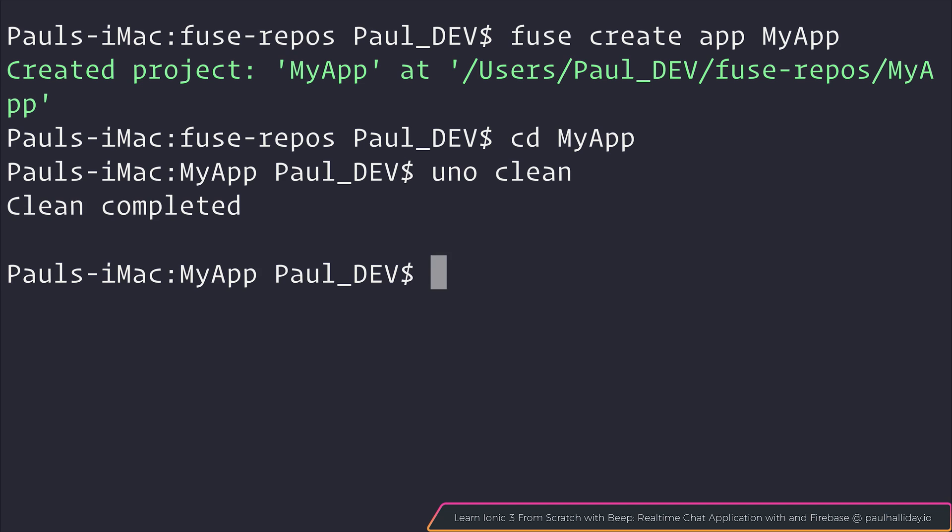If everything was successful, you should then see Clean Completed inside of the terminal. So this looks at how we can install Fuse 1.2, how we can get up and running with a new Fuse application, and of course how we can upgrade and clean our previous version Fuse projects.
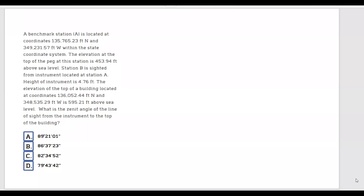Benchmark station A is located at coordinates 135,765.23 feet north and 349,231.57 feet west within the state coordinate system. The elevation at the top of the peg at this station is 453.94 feet above sea level. Station B is cited from an instrument located at station A. The height of the instrument is 4.76 feet. The elevation of the top of a building located at coordinates 136,052.44 feet north and 348,535.29 feet west is 595.21 feet above sea level. What is the zenith angle of the line of sight from the instrument to the top of the building?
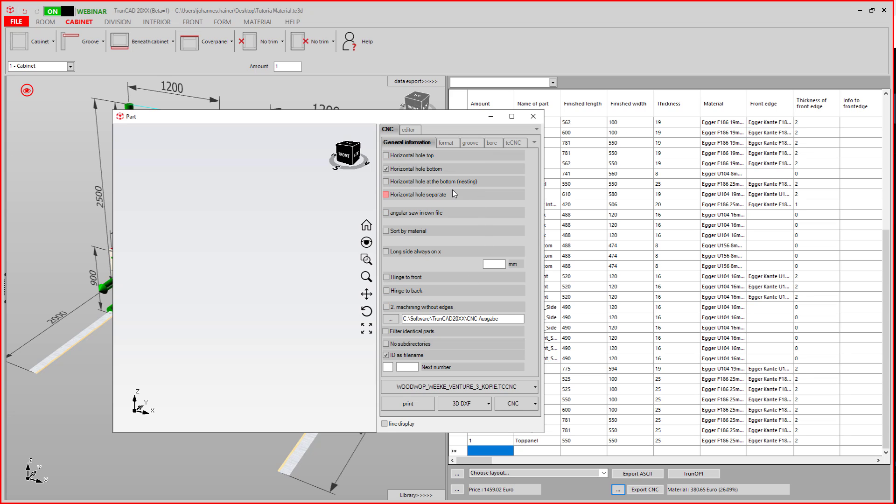All of these settings are usually made in the onboarding with one of our support agents, and you don't need to mess with them. The only things you might want to change are usually the output path, the subdirectory, or the naming.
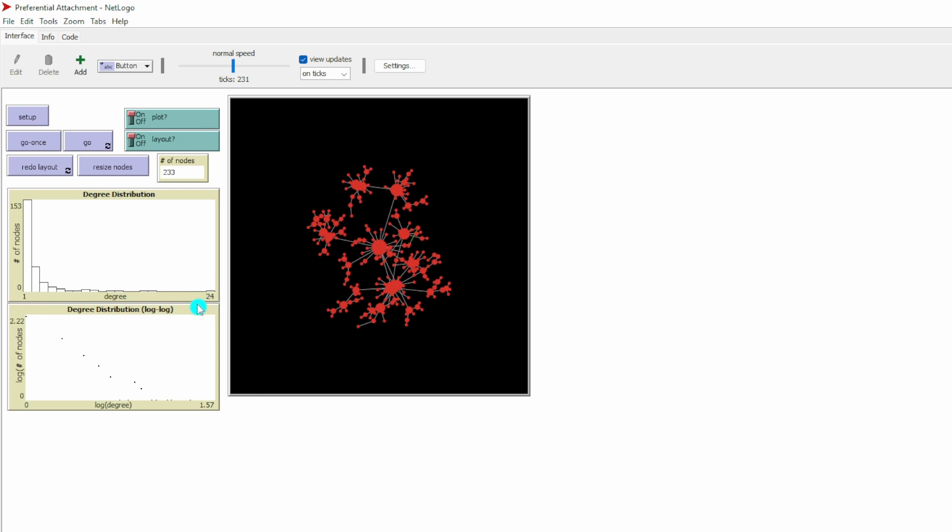This small number of nodes are like the 1% in our society who have a large amount of wealth. If you see a power law distribution, it usually means the network is a scale-free network. We have a very long tail.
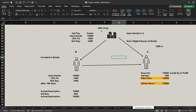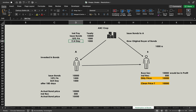Let's take an example to understand clean price and dirty price. ABC Corp has issued bonds with a price of 10,000 per bond at 10% interest payment per annum for 364 days. So in one year, 364 days will be assumed to process the interest payment - that's the convention. If we compute the interest payment for 364 days at 10%, the interest payment on the bond investment would be around 1,000.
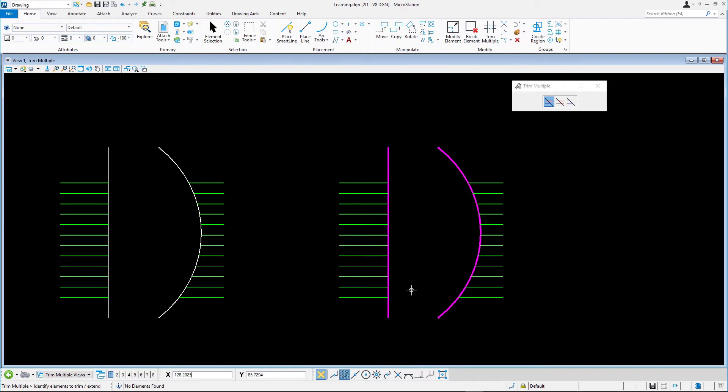Just like in the example on the left. Reset to complete. To demonstrate the Extend feature in the Trim and Extend, draw an oblique line to the right of the arc.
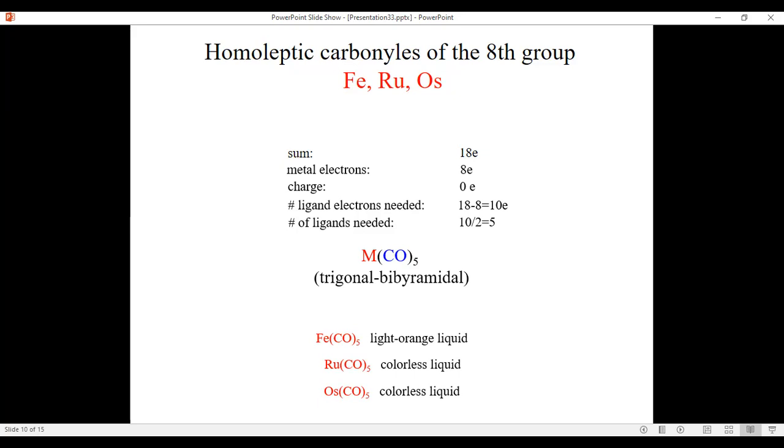The ruthenium and osmium pentacarbonyls are colorless liquids because the absorbed light is no longer in the visible range but in the UV, since metals in higher periods tend to produce larger Δ values.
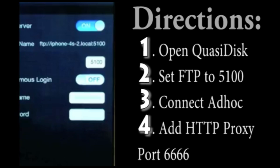This app actually allows you to tether your iPhone to your computer. Now this app is called QuasiDisk, and I'm going to be giving you guys a really brief description of how to get this to work.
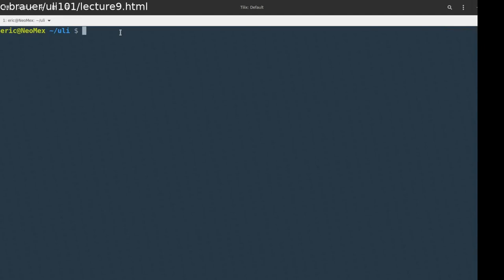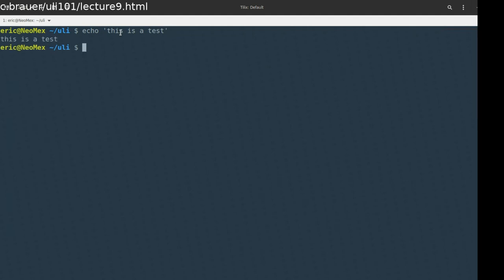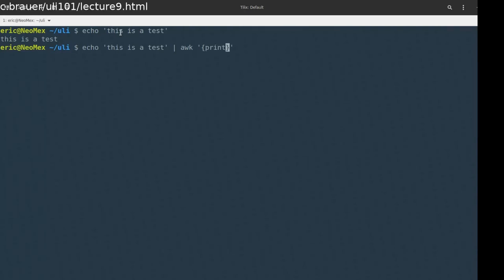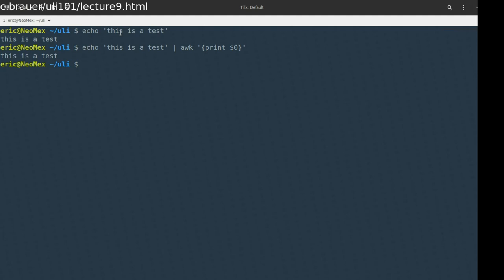To get started, I'm going to use 'this is a test' to demonstrate the first idea with AWK. I'm echoing 'this is a test' and piping it into AWK. AWK will have some syntax like this. Let's start with something very simple - I'm going to print this. What do you expect is going to happen? All it does is print out the exact same line. Nothing really seemed to happen there.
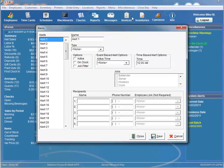The event-based alerts include voids, discounts, paid outs, refunds, return items, variable price items, offline, and manager alerts. These alert types are set up within the same parameters, with the offline and manager alerts being just a tad different.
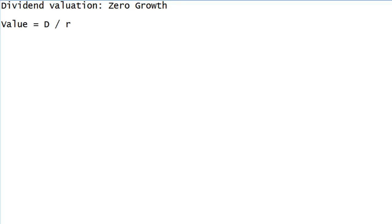Hello everyone, Jeff here with an optional video on where this formula comes from in the dividend valuation model where we're assuming the dividend just remains constant forever.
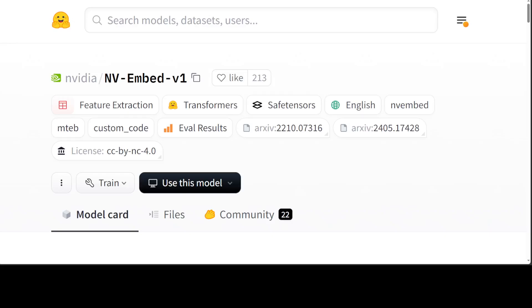Hello guys, I'm very excited to share with you this new embedding model by NVIDIA. This model is called NV-Embed. It is a generalist embedding model that ranks number one on the massive text embedding benchmark or MTAP benchmark.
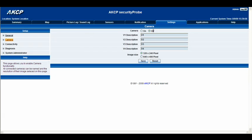The first thing we need to do is change it from off to on, and then we can go ahead and click save.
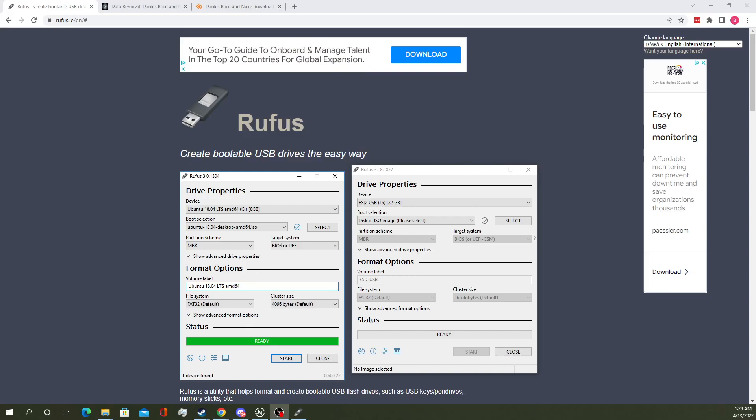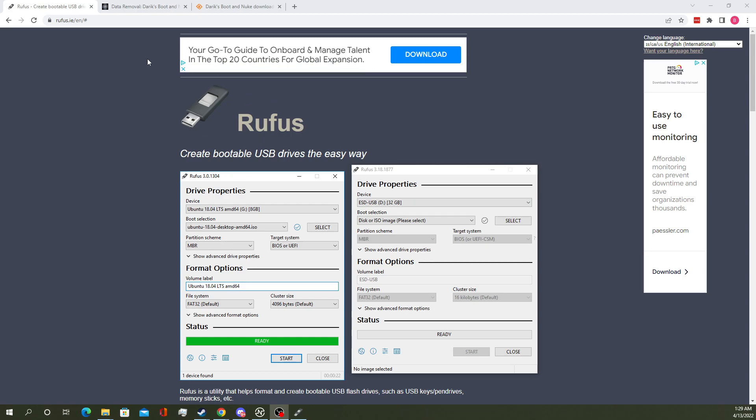In today's tech tutorial we're going to go over how to create a bootable USB drive with the DBAN ISO. So to kick us off, you're going to need to get Rufus from the Rufus website.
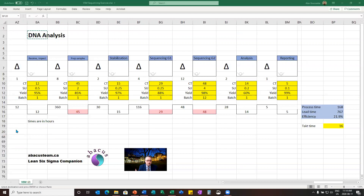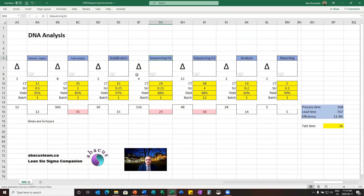So I might be working for Ancestry DNA or for a police or criminology lab, receiving samples, preparing samples, going through a stabilization process, doing some sequencing — G1 and G2, so two steps of sequencing — then an analysis, and then reporting. Obviously, this process was very simplified in order to demonstrate in seven steps how it works.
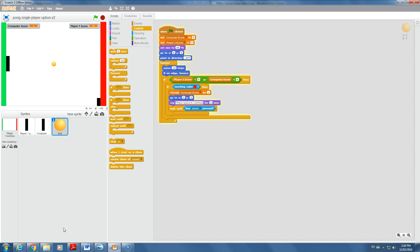Okay, welcome back to the Pong tutorial series. This is video number three on how to do the basic Pong game, being a single player game where it's against the computer.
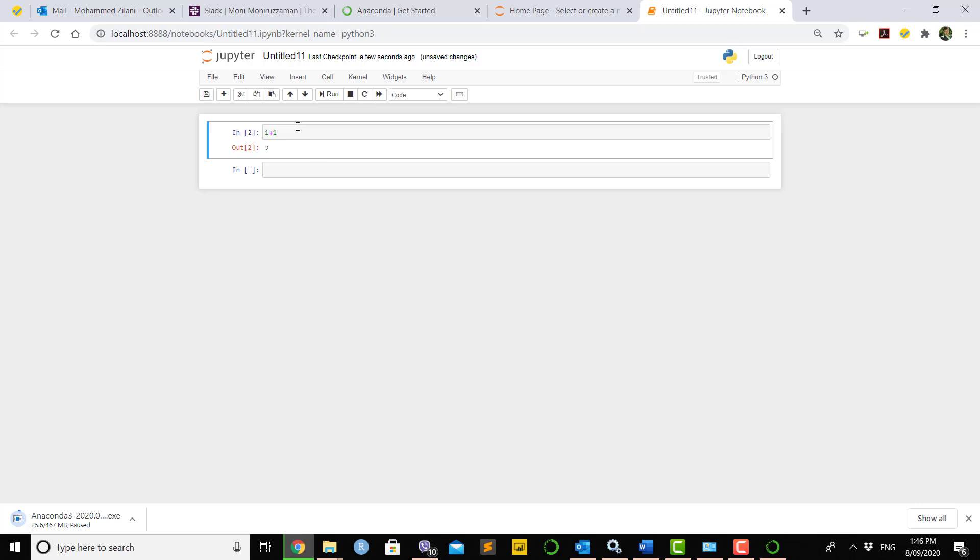At this stage, we've seen how to download and install Anaconda and how to open Jupyter Notebook. In the next video, I will work with the initial concepts of programming language and how to work in this environment. Until then, happy learning and thank you for watching this video. Bye bye.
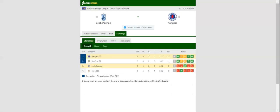High-flying Rangers will be aiming to extend their winning run of 14 games in all competitions when they take on Lech Poznan in their last group game in the Europa League. Rangers are eager to clinch top position in Group D and are likely to go for a win in Thursday's clash against Lech Poznan.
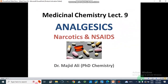Dear viewers, Assalamualaikum. This is our medicinal chemistry lecture number 9. In this lecture video we will discuss analgesics. The two major categories of analgesics are narcotics and NSAIDs, which are non-steroidal anti-inflammatory drugs.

::::::::::

What you have to do: Please repeat all of the data exactly, excluding images.

Answer box:
If everything was successful, you should then see Clean Completed inside of the terminal. So this looks at how we can install Fuse 1.2, how we can get up and running with a new Fuse application, and of course how we can upgrade and clean our previous version Fuse projects.
Benchmark station A is located at coordinates 135,765.23 feet north and 349,231.57 feet west within the state coordinate system. The elevation at the top of the peg at this station is 453.94 feet above sea level. Station B is cited from an instrument located at station A. The height of the instrument is 4.76 feet. The elevation of the top of a building located at coordinates 136,052.44 feet north and 348,535.29 feet west is 595.21 feet above sea level. What is the zenith angle of the line of sight from the instrument to the top of the building?
All of these settings are usually made in the onboarding with one of our support agents, and you don't need to mess with them. The only things you might want to change are usually the output path, the subdirectory, or the naming.
This small number of nodes are like the 1% in our society who have a large amount of wealth. If you see a power law distribution, it usually means the network is a scale-free network. We have a very long tail.
Let's take an example to understand clean price and dirty price. ABC Corp has issued bonds with a price of 10,000 per bond at 10% interest payment per annum for 364 days. So in one year, 364 days will be assumed to process the interest payment - that's the convention. If we compute the interest payment for 364 days at 10%, the interest payment on the bond investment would be around 1,000.
Just like in the example on the left. Reset to complete. To demonstrate the Extend feature in the Trim and Extend, draw an oblique line to the right of the arc.
The ruthenium and osmium pentacarbonyls are colorless liquids because the absorbed light is no longer in the visible range but in the UV, since metals in higher periods tend to produce larger Δ values.
This app actually allows you to tether your iPhone to your computer. Now this app is called QuasiDisk, and I'm going to be giving you guys a really brief description of how to get this to work.
To get started, I'm going to use 'this is a test' to demonstrate the first idea with AWK. I'm echoing 'this is a test' and piping it into AWK. AWK will have some syntax like this. Let's start with something very simple - I'm going to print this. What do you expect is going to happen? All it does is print out the exact same line. Nothing really seemed to happen there.
The event-based alerts include voids, discounts, paid outs, refunds, return items, variable price items, offline, and manager alerts. These alert types are set up within the same parameters, with the offline and manager alerts being just a tad different.
Hello everyone, Jeff here with an optional video on where this formula comes from in the dividend valuation model where we're assuming the dividend just remains constant forever.
Hello guys, I'm very excited to share with you this new embedding model by NVIDIA. This model is called NV-Embed. It is a generalist embedding model that ranks number one on the massive text embedding benchmark or MTAP benchmark.
The first thing we need to do is change it from off to on, and then we can go ahead and click save.
In today's tech tutorial we're going to go over how to create a bootable USB drive with the DBAN ISO. So to kick us off, you're going to need to get Rufus from the Rufus website.
So I might be working for Ancestry DNA or for a police or criminology lab, receiving samples, preparing samples, going through a stabilization process, doing some sequencing — G1 and G2, so two steps of sequencing — then an analysis, and then reporting. Obviously, this process was very simplified in order to demonstrate in seven steps how it works.
Okay, welcome back to the Pong tutorial series. This is video number three on how to do the basic Pong game, being a single player game where it's against the computer.
At this stage, we've seen how to download and install Anaconda and how to open Jupyter Notebook. In the next video, I will work with the initial concepts of programming language and how to work in this environment. Until then, happy learning and thank you for watching this video. Bye bye.
High-flying Rangers will be aiming to extend their winning run of 14 games in all competitions when they take on Lech Poznan in their last group game in the Europa League. Rangers are eager to clinch top position in Group D and are likely to go for a win in Thursday's clash against Lech Poznan.
Dear viewers, Assalamualaikum. This is our medicinal chemistry lecture number 9. In this lecture video we will discuss analgesics. The two major categories of analgesics are narcotics and NSAIDs, which are non-steroidal anti-inflammatory drugs.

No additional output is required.